** Requirement **
Print exactly what appears from the line containing "That's how you" through the final line of the data below, pictures excluded.

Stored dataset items
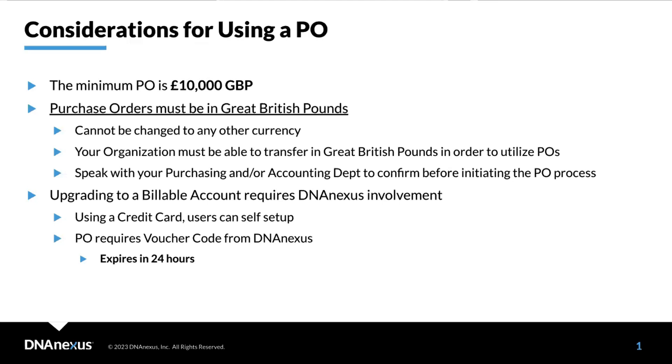First, POs must be for a minimum of 10,000 great British pounds. Any amount below must be paid with a credit card. Second, purchase orders must be in great British pounds and cannot be changed to any other currency. This means that your organization must be able to transfer in great British pounds in order to utilize purchase orders for your platform spending. Speak with your purchasing and or accounting department to confirm before initiating the PO process.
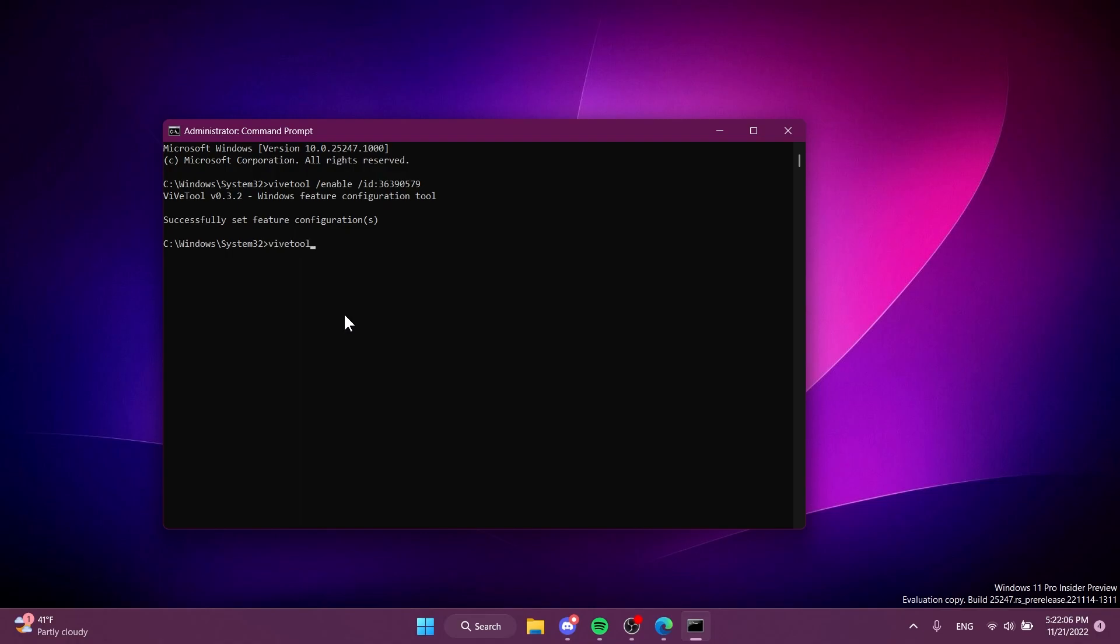And then the second command: vivetool /enable /id:24167003. Press enter. If you receive the message 'successfully set feature configuration' you should be good to go.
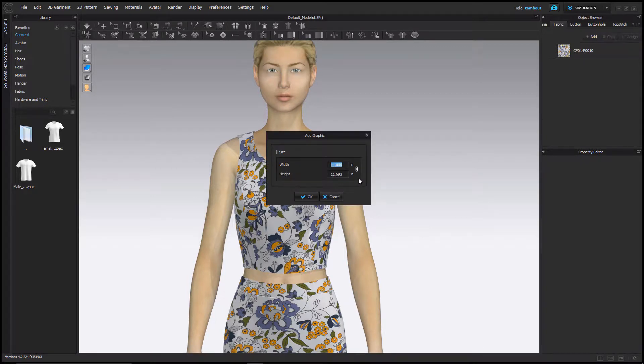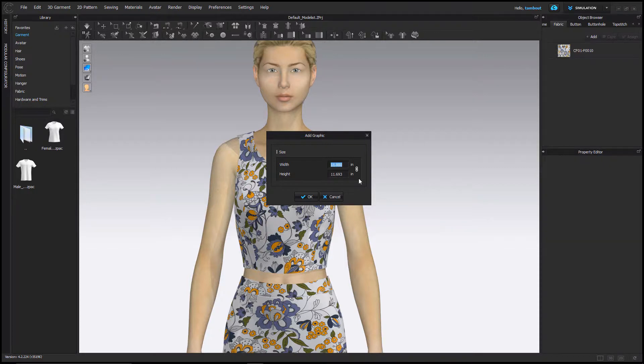Click onto the pattern you wish to place your graphic on and the add graphic window will come up. You can specify your desired dimensions here or click OK and resize the graphic on the garment later.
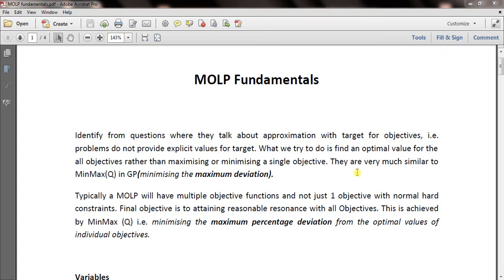This tutorial is about MOLP fundamentals — multi-objective linear programming. The basic part of MOLP is that it has multiple objectives. It is very closely related to goal programming. MOLP problems involve approximations of targets for multiple objectives, meaning problems don't provide explicit target values. We try to find an optimal value for all objectives rather than maximizing or minimizing a single objective.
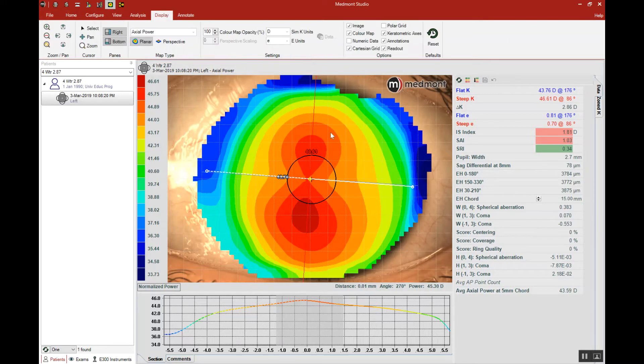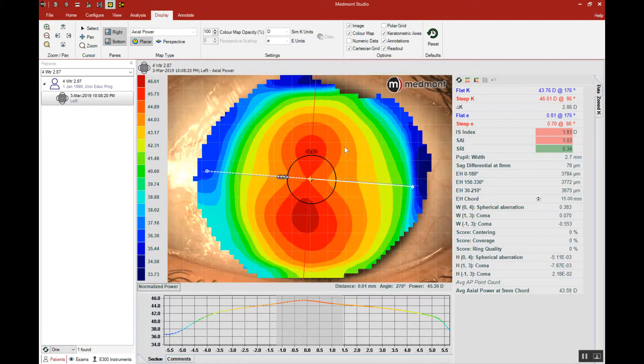Here we can see a patient with regular with-the-rule astigmatism, a very normal figure eight, a very symmetric eye shape.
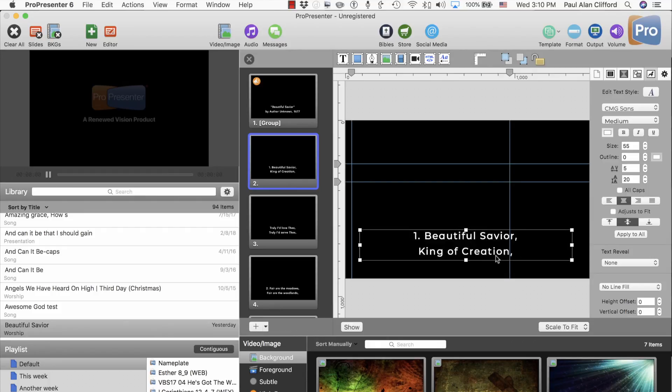That's how you install a font for ProPresenter on macOS, and special thanks once again to Church Motion Graphics for the CMG Sans font. Whether you're using CMG Sans or another new font, that's basically how you do it. If the font has multiple TrueType files, make sure you click the first and then Shift-click the last to select a range of files before opening and installing them.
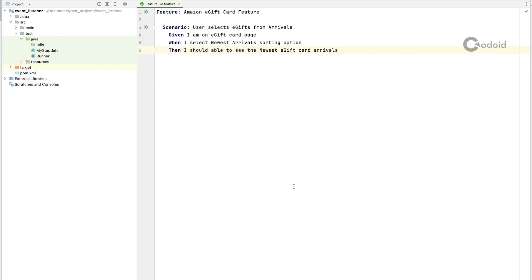Hello everyone, welcome to Codoid's YouTube channel. In this video I am going to explain how to set up Cucumber event listener in your project.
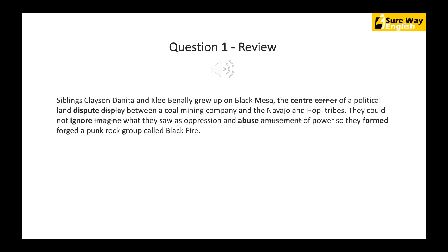I hope you know the meanings of all these words. If you got any one of those wrong, try to identify why — was the speaker speaking too fast, or was the word unfamiliar to you? Let's go to question number 2 now.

** Response to this exercise **
That's how you install a font for ProPresenter on macOS, and special thanks once again to Church Motion Graphics for the CMG Sans font. Whether you're using CMG Sans or another new font, that's basically how you do it. If the font has multiple TrueType files, make sure you click the first and then Shift-click the last to select a range of files before opening and installing them.
Hello everyone, welcome to Codoid's YouTube channel. In this video I am going to explain how to set up Cucumber event listener in your project.
I hope you know the meanings of all these words. If you got any one of those wrong, try to identify why — was the speaker speaking too fast, or was the word unfamiliar to you? Let's go to question number 2 now.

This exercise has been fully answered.